◆ WORK INSTRUCTION ◆
Every entry that follows should be output again, word for word.
[[ RECORD EXCERPTS open ]]
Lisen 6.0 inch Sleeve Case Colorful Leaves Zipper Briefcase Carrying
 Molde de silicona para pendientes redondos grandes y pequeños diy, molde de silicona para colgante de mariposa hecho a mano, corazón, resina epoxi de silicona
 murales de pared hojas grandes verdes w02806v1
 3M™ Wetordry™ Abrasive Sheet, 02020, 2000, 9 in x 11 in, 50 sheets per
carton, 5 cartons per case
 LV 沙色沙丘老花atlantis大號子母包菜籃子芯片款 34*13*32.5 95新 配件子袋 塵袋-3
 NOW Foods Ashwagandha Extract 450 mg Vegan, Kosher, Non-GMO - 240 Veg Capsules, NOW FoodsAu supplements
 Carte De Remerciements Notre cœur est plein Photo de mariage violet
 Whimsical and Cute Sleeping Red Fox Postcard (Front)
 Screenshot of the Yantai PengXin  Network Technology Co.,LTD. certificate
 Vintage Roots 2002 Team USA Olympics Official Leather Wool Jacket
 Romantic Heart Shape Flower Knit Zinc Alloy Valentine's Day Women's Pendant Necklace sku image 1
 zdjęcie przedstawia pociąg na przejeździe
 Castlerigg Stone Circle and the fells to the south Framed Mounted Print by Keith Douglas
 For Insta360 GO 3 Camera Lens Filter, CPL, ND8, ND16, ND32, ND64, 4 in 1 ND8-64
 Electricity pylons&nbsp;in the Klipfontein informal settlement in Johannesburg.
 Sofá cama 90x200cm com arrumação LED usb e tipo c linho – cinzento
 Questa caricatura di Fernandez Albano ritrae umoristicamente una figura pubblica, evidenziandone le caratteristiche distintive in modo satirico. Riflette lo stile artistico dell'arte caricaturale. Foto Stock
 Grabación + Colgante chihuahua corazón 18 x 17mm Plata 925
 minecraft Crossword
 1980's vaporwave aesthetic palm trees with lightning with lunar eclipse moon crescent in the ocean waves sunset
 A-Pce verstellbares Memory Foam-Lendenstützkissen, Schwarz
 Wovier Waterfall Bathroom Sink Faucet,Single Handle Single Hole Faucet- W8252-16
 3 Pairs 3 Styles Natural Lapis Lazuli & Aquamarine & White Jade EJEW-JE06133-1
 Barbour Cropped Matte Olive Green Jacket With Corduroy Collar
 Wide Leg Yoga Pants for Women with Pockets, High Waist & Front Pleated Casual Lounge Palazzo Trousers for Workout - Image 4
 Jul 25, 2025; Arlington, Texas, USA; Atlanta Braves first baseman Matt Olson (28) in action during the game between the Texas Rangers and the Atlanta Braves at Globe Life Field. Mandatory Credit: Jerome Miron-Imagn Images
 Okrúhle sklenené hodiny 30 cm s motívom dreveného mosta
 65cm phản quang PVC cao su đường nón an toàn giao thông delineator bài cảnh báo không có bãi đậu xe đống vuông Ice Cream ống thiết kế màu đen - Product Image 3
[[ RECORD EXCERPTS closed ]]
◆ SOLUTION ◆
Lisen 6.0 inch Sleeve Case Colorful Leaves Zipper Briefcase Carrying
 Molde de silicona para pendientes redondos grandes y pequeños diy, molde de silicona para colgante de mariposa hecho a mano, corazón, resina epoxi de silicona
 murales de pared hojas grandes verdes w02806v1
 3M™ Wetordry™ Abrasive Sheet, 02020, 2000, 9 in x 11 in, 50 sheets per
carton, 5 cartons per case
 LV 沙色沙丘老花atlantis大號子母包菜籃子芯片款 34*13*32.5 95新 配件子袋 塵袋-3
 NOW Foods Ashwagandha Extract 450 mg Vegan, Kosher, Non-GMO - 240 Veg Capsules, NOW FoodsAu supplements
 Carte De Remerciements Notre cœur est plein Photo de mariage violet
 Whimsical and Cute Sleeping Red Fox Postcard (Front)
 Screenshot of the Yantai PengXin  Network Technology Co.,LTD. certificate
 Vintage Roots 2002 Team USA Olympics Official Leather Wool Jacket
 Romantic Heart Shape Flower Knit Zinc Alloy Valentine's Day Women's Pendant Necklace sku image 1
 zdjęcie przedstawia pociąg na przejeździe
 Castlerigg Stone Circle and the fells to the south Framed Mounted Print by Keith Douglas
 For Insta360 GO 3 Camera Lens Filter, CPL, ND8, ND16, ND32, ND64, 4 in 1 ND8-64
 Electricity pylons&nbsp;in the Klipfontein informal settlement in Johannesburg.
 Sofá cama 90x200cm com arrumação LED usb e tipo c linho – cinzento
 Questa caricatura di Fernandez Albano ritrae umoristicamente una figura pubblica, evidenziandone le caratteristiche distintive in modo satirico. Riflette lo stile artistico dell'arte caricaturale. Foto Stock
 Grabación + Colgante chihuahua corazón 18 x 17mm Plata 925
 minecraft Crossword
 1980's vaporwave aesthetic palm trees with lightning with lunar eclipse moon crescent in the ocean waves sunset
 A-Pce verstellbares Memory Foam-Lendenstützkissen, Schwarz
 Wovier Waterfall Bathroom Sink Faucet,Single Handle Single Hole Faucet- W8252-16
 3 Pairs 3 Styles Natural Lapis Lazuli & Aquamarine & White Jade EJEW-JE06133-1
 Barbour Cropped Matte Olive Green Jacket With Corduroy Collar
 Wide Leg Yoga Pants for Women with Pockets, High Waist & Front Pleated Casual Lounge Palazzo Trousers for Workout - Image 4
 Jul 25, 2025; Arlington, Texas, USA; Atlanta Braves first baseman Matt Olson (28) in action during the game between the Texas Rangers and the Atlanta Braves at Globe Life Field. Mandatory Credit: Jerome Miron-Imagn Images
 Okrúhle sklenené hodiny 30 cm s motívom dreveného mosta
 65cm phản quang PVC cao su đường nón an toàn giao thông delineator bài cảnh báo không có bãi đậu xe đống vuông Ice Cream ống thiết kế màu đen - Product Image 3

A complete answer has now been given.